Computing disease enrichments: Candidate causal variants
Candidate causal SNPs identified from finemapping analysis of autoimmune diseases were obtained from http://www.broadinstitute.org/pubs/finemapping (Farh et al. 2015). The DeepFIGV z-scores were obtained for the 8741 candidate causal SNPs for 39 traits. Enrichments for each trait were evaluated by comparing the number of candidate causal sites with a DeepFIGV absolute z-score exceeding a given cutoff to the expected value from a random set of sites from a null distribution. This null was constructed for each site by drawing 10,000 sites from across the genome matching the MAF, gene density, distance to nearest genes and number of sites within LD of 0.5 of the original site (Pers et al. 2015).

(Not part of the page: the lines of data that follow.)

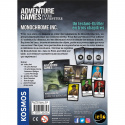Adventure Games : Monochrome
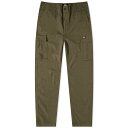 【送料無料】 ディッキーズ メンズ カジュアルパンツ カーゴパンツ ボトムス Dickies Eagle Bend Cargo Pant Military Gr...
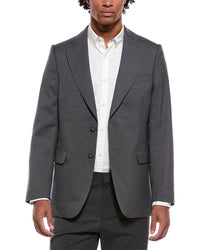 Officine Générale Officine Generale Giovanni Italian Wool Jacket
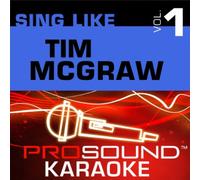 Mcgraw, Tim - Sing-a-Long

Comparison to other variant scoring methods
Variant-level scores were obtained from DeepSea (Zhou and Troyanskaya 2015) evaluated on 17 DNase datasets and deltaSVM (Lee et al. 2015) evaluated on 35 DNase datasets, and CAPE (Alvarez et al. 2018) evaluated on 2 datasets. In addition we included CADD (Kircher et al. 2014) and LINSIGHT (Huang et al. 2017b). Scores were obtained from: https://www.ncbi.nlm.nih.gov/research/snpdelscore/rawdata/ For DeepSea and deltaSVM the reported delta values for the predicted signal from the reference and alternative alleles were transformed to a z-score using the observed standard deviation. Analysis was performed on a shared set of 12 million variants.
Analysis of LCL MPRA results
Results were downloaded from Tewhey, et al. (2016) and variants were dived into 3 classes: 1) expression modulating variants that showed significant difference in expression between reference and alternative alleles, 2) variants that drove expression but did not show allelic differences, and 3) variants whose sequence did not drive expression in this assay. Enrichment of expression modulating variants (i.e. class 1) were compared to the other two classes as a function of high predicted epigenetic signal or DeepFIGV z-scores for each assay.
Acknowledgements
We thank Yungil Kim for providing data on gene expression outliers. We thank Judy Cho and Kristen Brennand for feedback on the manuscript. This work was supported by NIMH 5R01MH109897. Gabriel E. Hoffman is partially supported by a NARSAD Young Investigator Award from the Brain and Behavior Research Foundation. This work was supported in part through the computational resources and staff expertise provided by Scientific Computing at the Icahn School of Medicine at Mount Sinai. We particularly thank Gene Fluder and Hyung Min Cho for assistance with GPUs.